Unfortunately, the “American Data Privacy and Protection Act” contains significant defects unrelated to much-needed privacy protections for consumers or businesses.
Instead of simply safeguarding the personal information of ordinary Americans and simplifying legal obligations for companies, the bill would uncork a torrent of counterproductive lawsuits that would damage job creators and enrich trial lawyers.
There’s no question America needs a federal data privacy law. Due to the lack of a uniform federal standard, data privacy is governed by a patchwork of state laws and regulations. Consequently, American firms may needlessly spend up to $1 trillion over the next decade trying to navigate that legal maze and comply with the varying statutes — with $200 billion of that burden falling on small businesses.
A single, streamlined federal law would help reassure consumers that their data remains secure, regardless of where they live or where a company is located.
The legislation under consideration, however, contains two massive flaws that would unleash endless class-action litigation over minor or technical violations, allowing lawyers to reap millions while class members receive just a few dollars or, in many cases, nothing at all.
First, the proposed legislation includes a ban on class-action waivers in arbitration agreements, which could prohibit companies and consumers from having their disputes resolved on an individual basis. Arbitration offers a more efficient alternative to court litigation, relying on independent third parties to mediate conflicts. Essentially, the parties in dispute take their issues to a neutral party, present their respective arguments, and agree to abide by whatever the arbitrator decides.
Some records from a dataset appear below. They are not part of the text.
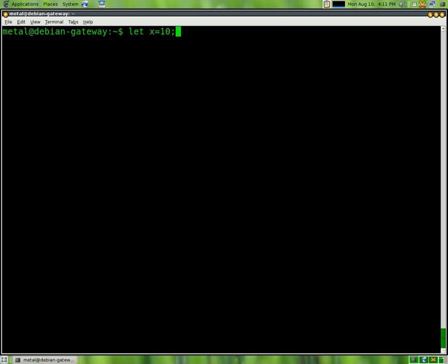I'm going to use a semicolon for a new command, and we're going to start a while loop. We're going to say while the variable x is greater than 0, do the following,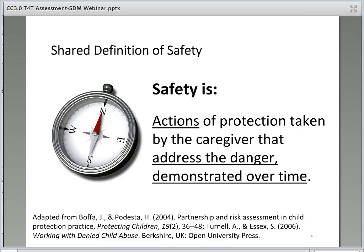Before we move on, let's review the shared definition of safety. It is essential for instructors to have an understanding of the definition of safety to effectively communicate this to social workers in the classroom, as this is the focal point in our work with families. It is important to highlight the definition of safety throughout CORE classes to ensure that trainees have a shared understanding of what safety means.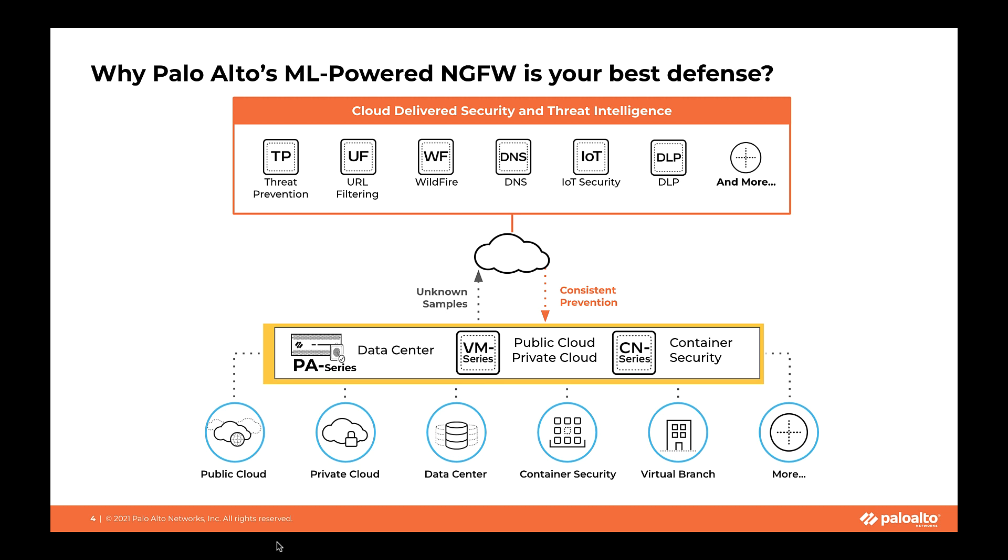Customers looking for outbound protection can turn on services like advanced URL filtering and DNS security. Both of the services will constantly monitor and block new as well as known and unknown malicious domains along with all the risky external connections which are required for log4j remote code execution.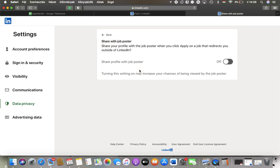So if you would like to share your profile with the job poster when you apply for a position outside LinkedIn, tap on this button on the right side of the screen. The Share Profile with Job Poster feature will be enabled automatically.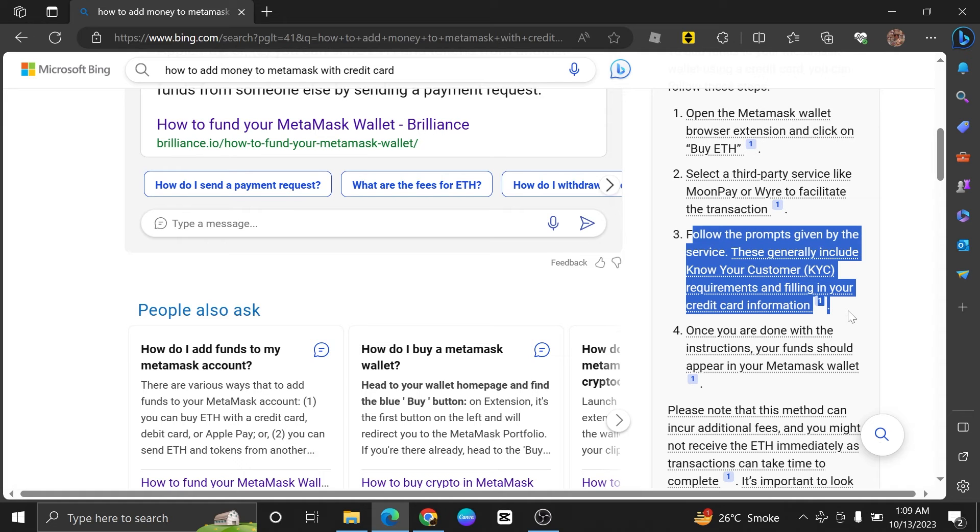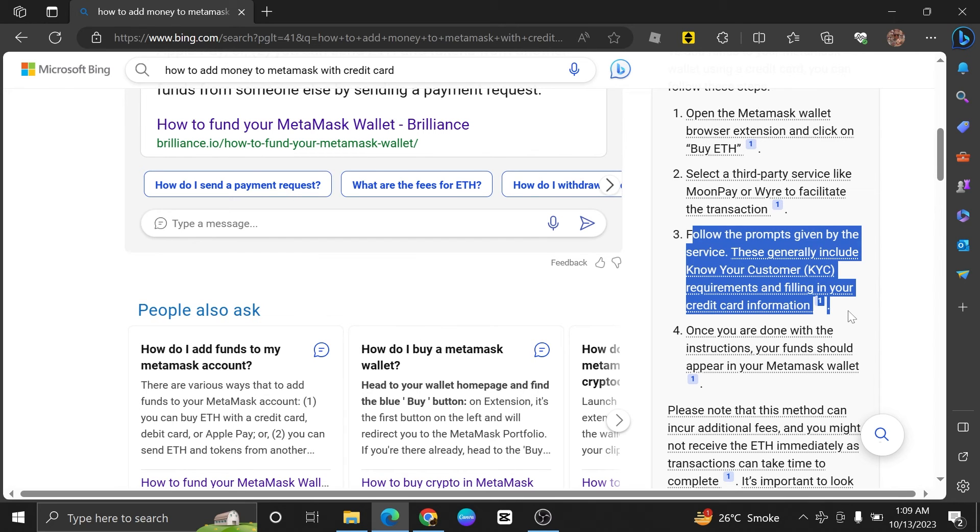Cryptocurrency withdrawals may take some time, depending on the exchange and network congestion. Be patient and wait for the transaction to be confirmed to the Ethereum blockchain.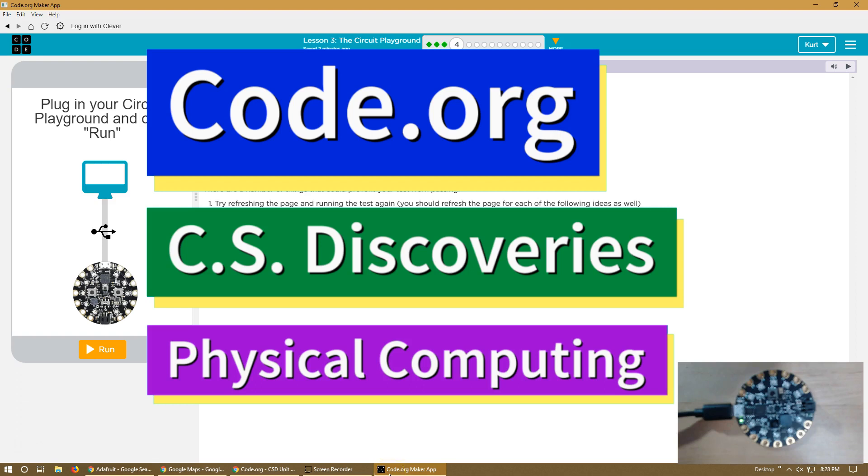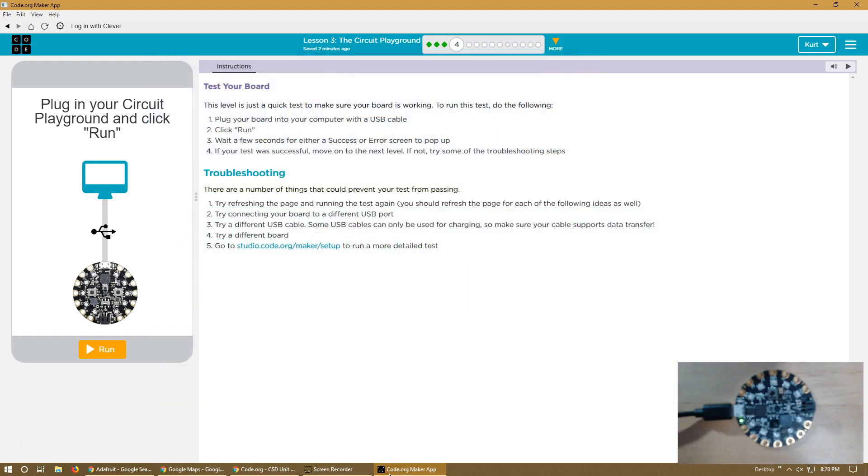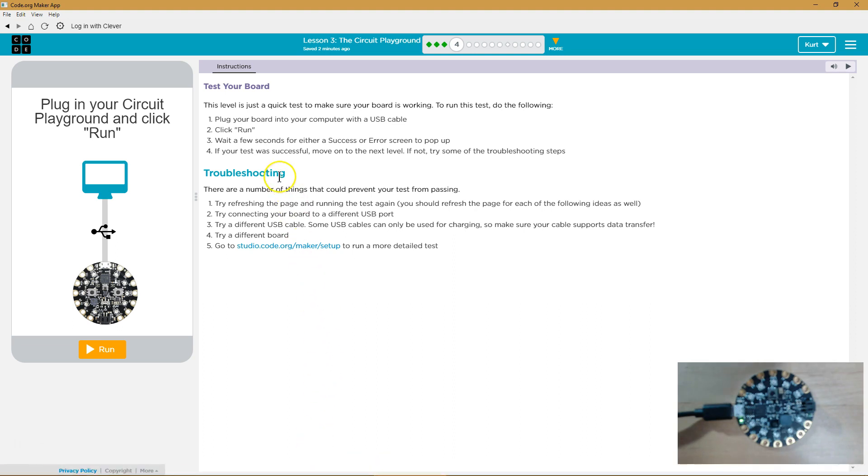This is Code.org and I'm currently working on CS Discoveries. I'm actually on their circuit playground unit and I'm pretty excited about it. I got my device set up right over here. I just plugged it in with the USB and I'm ready to get started. So let's see what we got.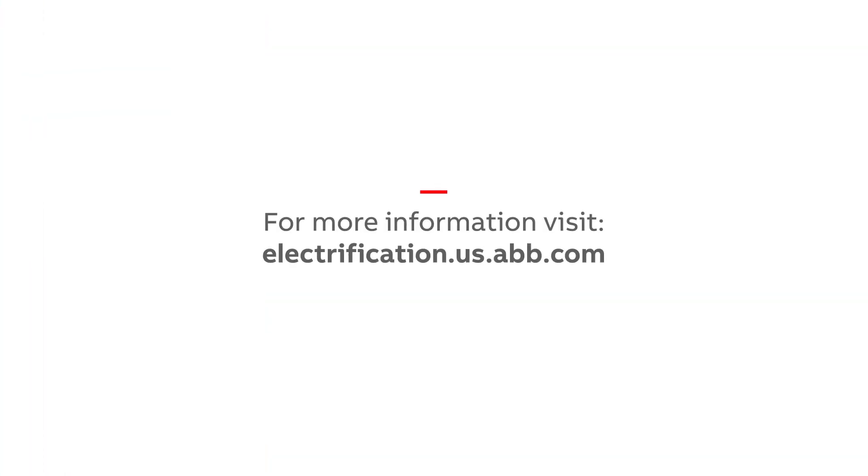Learn more at electrification.us.abb.com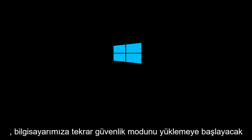And this will again begin to load safe mode on our computer.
Although trial lawyers are understandably loath to admit it, arbitration is generally better for consumers than traditional court litigation. It is typically cheaper, quicker, and less complicated than formal lawsuits. Consumers prevail 41% of the time in arbitration, versus 29% in court. Additionally, awards in cases decided by arbitration actually exceed courtroom awards — $80,000 versus $71,000, respectively. Arbitration cases are also resolved 27% more quickly on average, and there’s often no need to involve — and thus pay — a lawyer.
However, those benefits present big problems from trial lawyers’ perspective. They prefer huge, class-action lawsuits that, according to a 2015 study by the Consumer Financial Protection Bureau, net consumers an average of $32 while lawyers earn close to $1 million.
The bill’s second massive flaw would create a “private right of action,” which allows individuals to sue to enforce the law no matter how trivial the violation. When numerous individuals can file the same complaint, plaintiffs’ lawyers try to lump them all together in one big lawsuit against a business — even if most of the people in the class are unaware they’re part of a lawsuit. It’s perfectly clear how that benefits lawyers. But it’s uncertain how it would advance consumer privacy and data protection.
Data security and privacy remain serious, complex issues, and Congress should absolutely pursue a uniform national policy. People who steal our data, and businesses that fail to adequately protect it, must be held accountable.
As currently drafted, however, the American Data Privacy and Protection Act contains unacceptable provisions that would enable rich trial lawyers to get even richer while delivering scant benefits to ordinary Americans whose interests they claim to represent.